With the supplied ym utility you can generate different YM data files (and players). Following is a list of these formats.
The data is written in without any compressing to data statements - this is very easy understandable. (for comparisson, playing speed ~ 1700 cycles)
This output is 100% compatible to the tool I released about 15 years ago. The structure of the generated ym file is explained in YM-Conversion I.
This is still in basic the same as YMSound, but with a few ehancements. The data between these two are NOT compatible.
The generated data uses a little bit more space (10% more ~ about). The average unpacking speed is about the same amount faster (a little bit more than 10%), but the main aspect is, that the "peaks" are reduced.
With my given example file, peaks by playing using the old routines were up to nearly 20000 cycles (average 3200 cycles). The new routines have a maximum peak of less thean 7500 cycles (in the whole song only 3 times) - and an average of about 2400 cycles.
Changes to YMSound historic:
single bytes are not shannon encoded (since searching for the shannon code takes longer the more codes are generated, and the savings for single bytes using shannon was only a small benefit)
RLE encoding changed from LSB first to MSB first, this made decoding the RLE length more performat
the phrase length is not held befor the phrase structure but directly in the phrase mapping, I can calculate the phrase offset now while searching the phrase
the RAM structure is 1 byte longer per register, the current phrase length is also kept in the data structure now
only the used bits per register are encoded (e.g. amplitude registers only 4 bits...) this made up quite some of the lost space due to the shannon/byte changes
some internal changes to optimzed "little" stuff
all "subroutines" were macro'ed
I advise to change the subroutine, to output to shadow registers, rather than to PSG registeres directly, that way you can "overwrite" values with sound effects!
This is another way, that Vide can encode YM-data. It uses more (quite a bit more) memory than the old YM-Sound data, but unpacking is faster and nearly without peaks. If you have enough memory, have quite short ym-files and do not have many cycles to spare â this might just be the right format.
Playing my example averages at about 1300 cycles with peaks up to 2400 cycles.
Here a short explanation:
The ym data is bit encodeded in a stream of "bits". At first the ym-data is analyzed, the analysis results in following "knowledge":
is channel X used at all or not
does channel X use tone or not
does channel X use noise or not
is noise used at all in the ym-data
does register 7 change at all in the data
is the envelope used
According to the above knowlegde only used registers are encoded.
The idea behind streamed encoding is to only supply information for changes and leave out all data that is unchanged.
There are two good reasons for that:
leaving out data is "packing" of some sort, the resulting data is shorter than the original
we know while processing inherently what data has changed and what not, so while unpacking on the vectrex we also know what registers changed and we do not have to poke to the psg registers that did not change. Poking to psg takes quite a few cycles.

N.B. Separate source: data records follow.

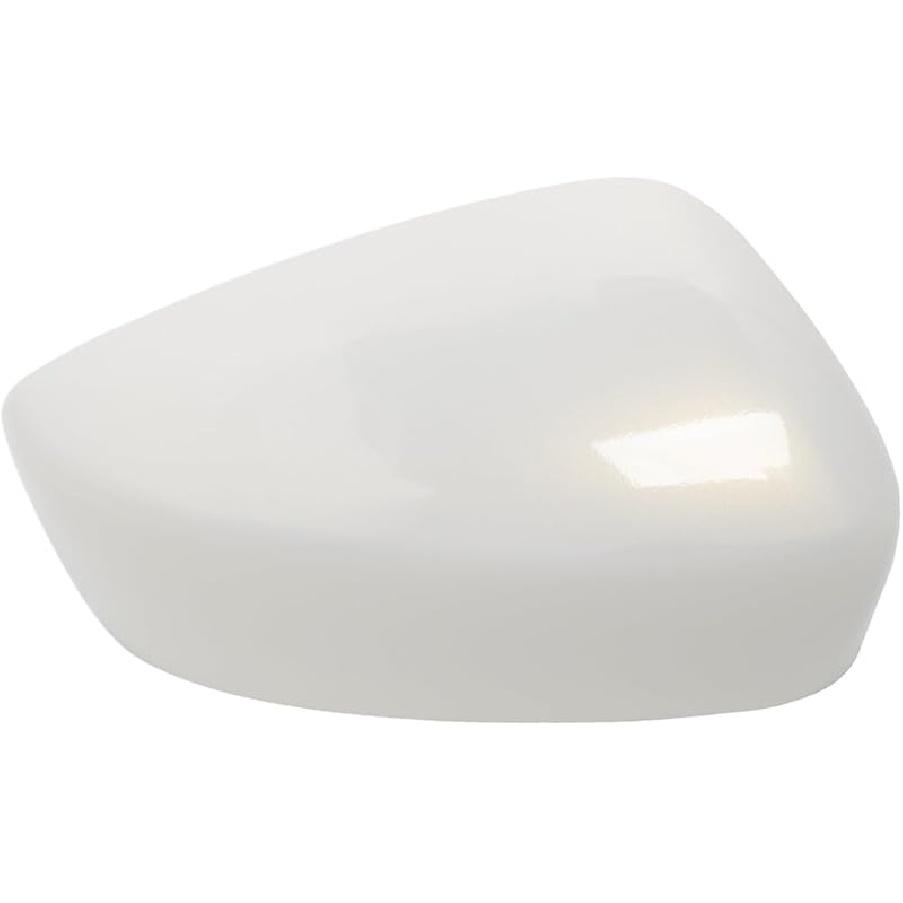 Door Rearview Mirror Cover Cap Housing Fit for Mazda 3 Axela 2014-2016 Car Accessories(Blue Left)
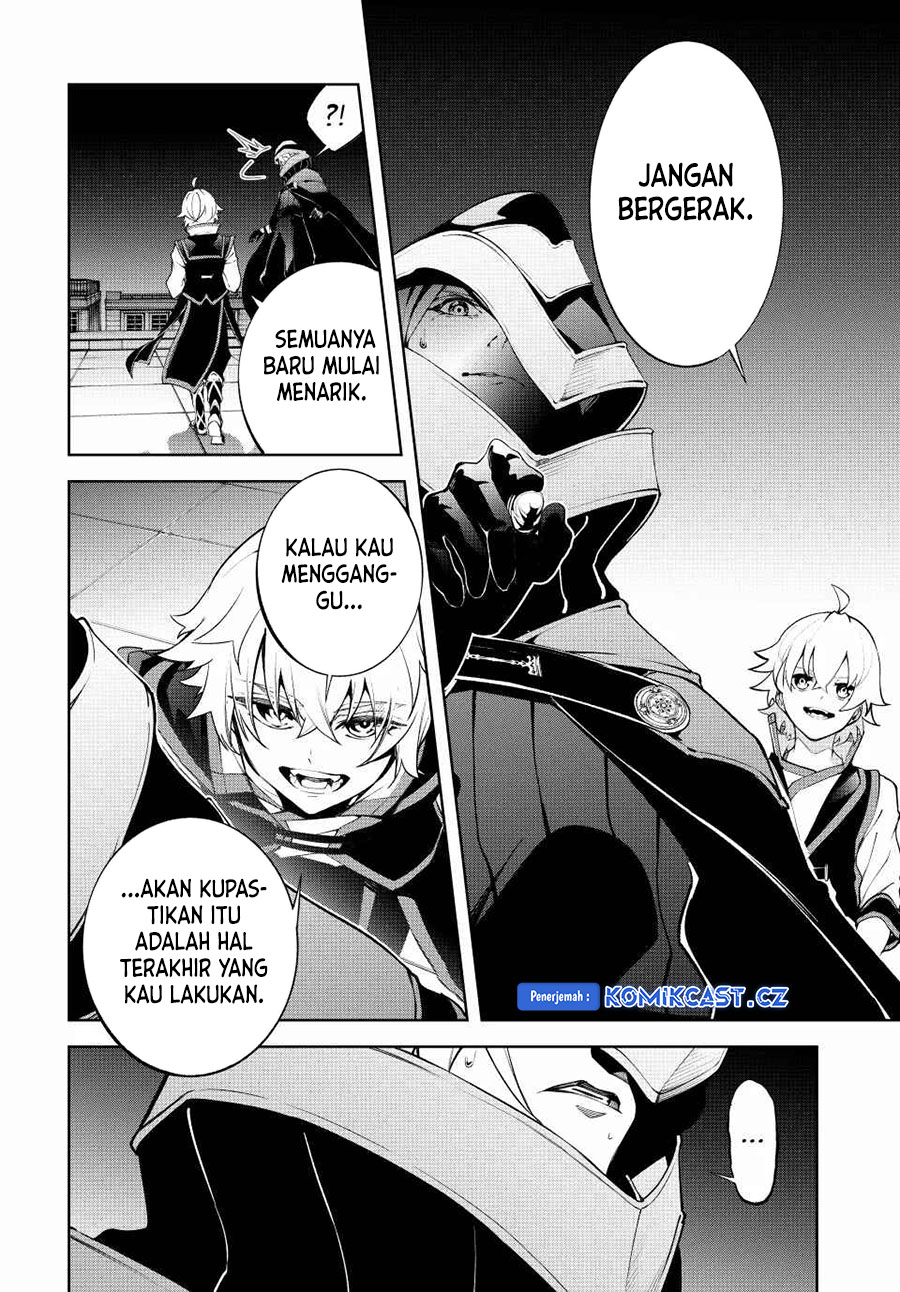 Read Wistoria id Manga Online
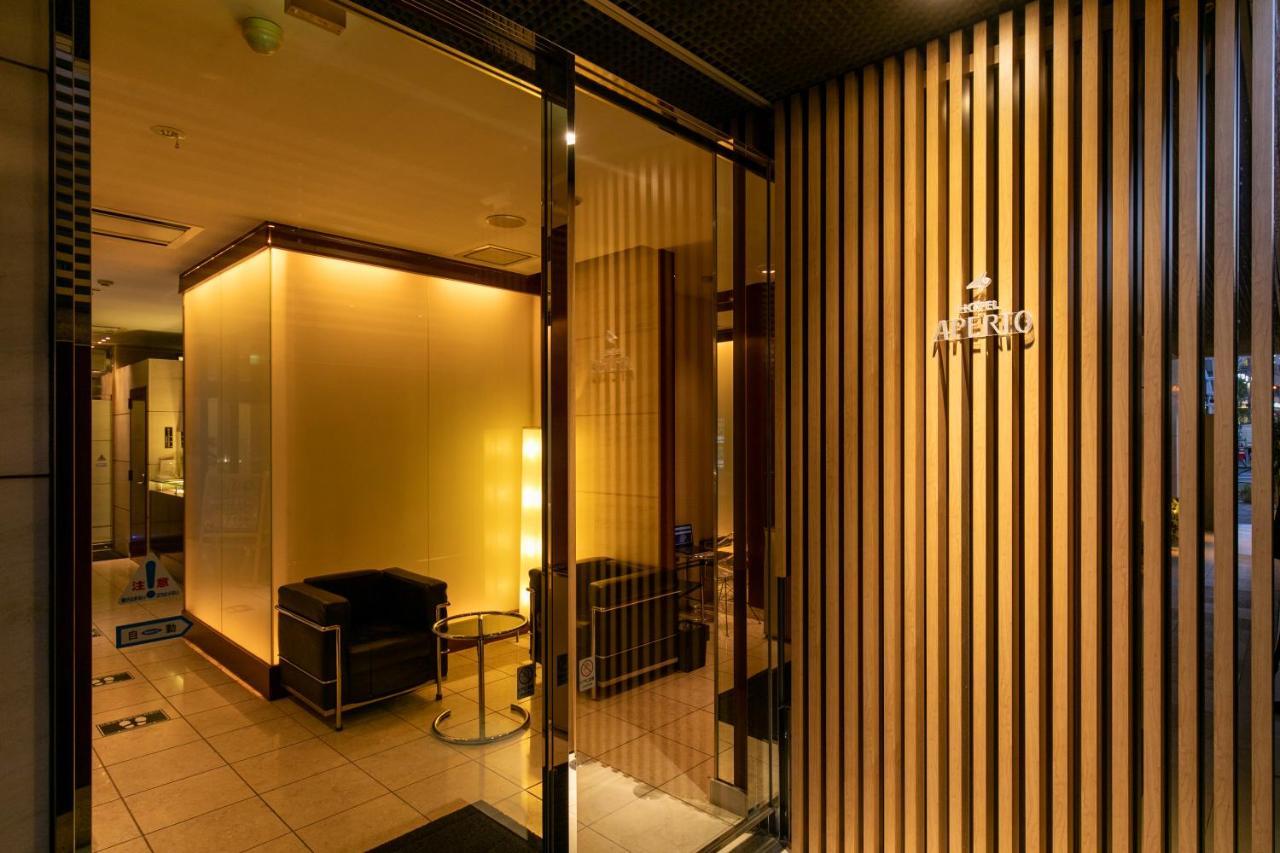 Hotel Aperto (Adults Only) Tokyo Eksteriør bilde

Following decoding is used (for each ym-line, a complete set of data for one refresh cycle â encoding is the opposite way):
read bit, if bit is 0 than nothing at all changed → goto done
for channel 0 to 2 do
read bit, if bit is 0
than channel did not change at all → do next channel
read bit, if bit is not 0
read 4(5) bits of amplitude
read bit, if bit is 1
than set noise,
otherwise clear noise
read bit, if bit is 1
than set tone,
otherwise clear tone
read bit, if bit is not 0
read 8 bits of frequency low
read bit, if bit is not 0
read 4 bits of frequency high
end for
read bit, if bit is not 0
read 5 bits of noise frequency
if envelope is used
read bit, if bit is not 0
read 16 bits of envelope frequency
done:
Note:
5 amplitude bits are used, when envelope data is used by the YM file.
Vectrex unpacking is done like described above. The unpacker is a bit "longish" since read bit is realized as a macro and often used :-).
The mentioned analysis is also respected by the vectrex sources. Code parts that are not needed are omitted (using "if then else").
The resulting player is usually quite a lot faster than the other packing â but the data used is by far not reduced as much. It depends on how "tight" (cycles) the circumstances are, what strategy of packing is more useful to you.